But what if you want something simple, small, fast (performance and development), and portable? More on that in a minute...
Recently I've needed to track a medium-sized relational data set that is stored in (ugh) a few hundred different XML files. This is data that needs to be queried quickly, updated automatically, and viewed using some kind of light-ish weight GUI.
So the cocktail napkin sketch of the data flow looks like this:
XML Data -> (deserialized) -> domain objects --> (stored) -> DB
The data is only manipulated once it's in the DB, then back out again to be used with the 3rd party system that needs the data in XML.
DB -> (queried) -> domain objects -> (serialized) --> XML Data
My experiences with the various flavors of Hibernate are my comfort zone. But this seems like a good time to experiment with a Micro ORM. I don't have a lot (or really any) multi-phase commits or concurrent transactions to worry about, no database clusters, no complex legacy data structures, none of the other stuff you tend to need to worry about in a Very Big Enterprise App(TM).

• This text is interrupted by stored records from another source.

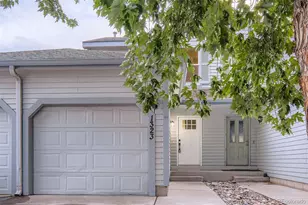 1323 Firefly Cir, Colorado Springs, CO 80916 - Photo 1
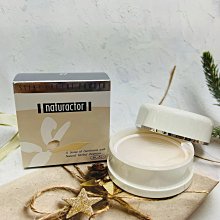 自然優 三色薯片210g 日華好物-即期品 歷史價格詳細信息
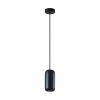 Светильник подвесной Odeon Light Cocoon (Цоцоон) 5060/1C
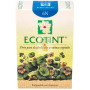 ECOTINT RUBIO OSCURO-6N NOEFAR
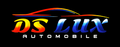 Dealer logo image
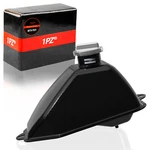 Metal Gas Fuel Tank For Chinese 50 70 110 125CC Kids Atv Quad Coolster 4 Wheeler. Fixed Price $34.99.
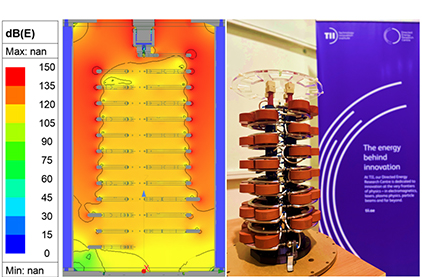 DERC Fluid Codes User Conferece image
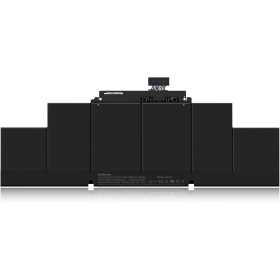 APPLE BATTERIE ORDINATEUR MACBOOK A1417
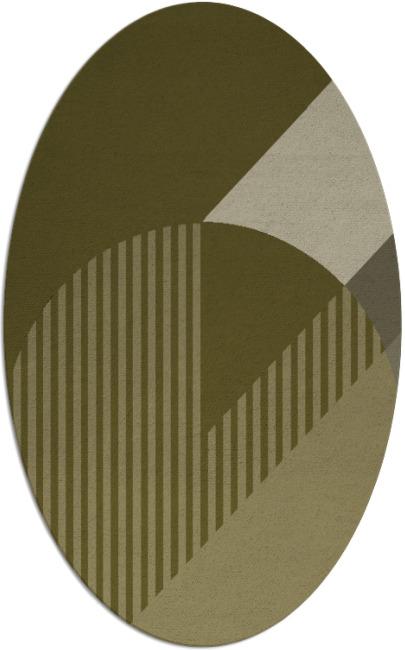 wickham rug - item 1204295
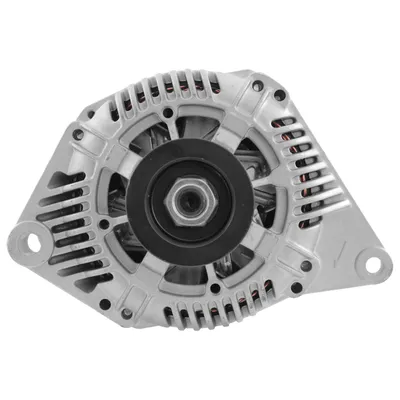 Alternador Renault LAGUNA I · Renault LAGUNA I Grandtour · Renault MEGANE I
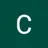 crystalmccullough111
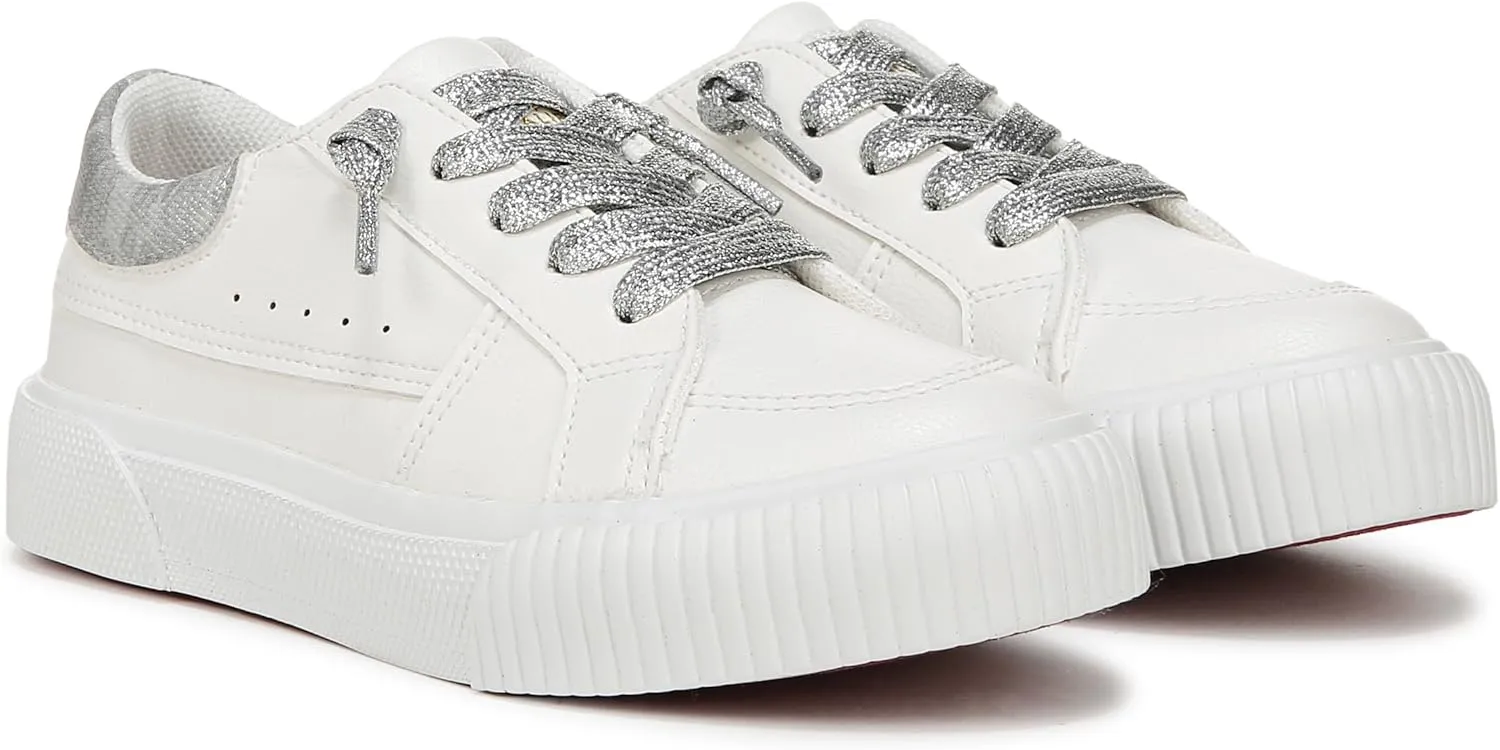 Blowfish Malibu Girl's Modern Sneaker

I already have a fair amount of the domain objects representing the data model in an existing C# .NET project, so here's what attempt #1 will look like:
- A fairly bare-bones (for now) C#.NET v4.0 winforms app that will
- house the library of domain objects,
- do the serialization/deserialization to XML,
- perform unit tests,
- interact with the Micro ORM library
- A Micro ORM Library
- PetaPoco for now, we'll see how it works!
- A database
- Sqlite for now, we'll see how well it plays with PetaPoco and/or other Micro ORMs.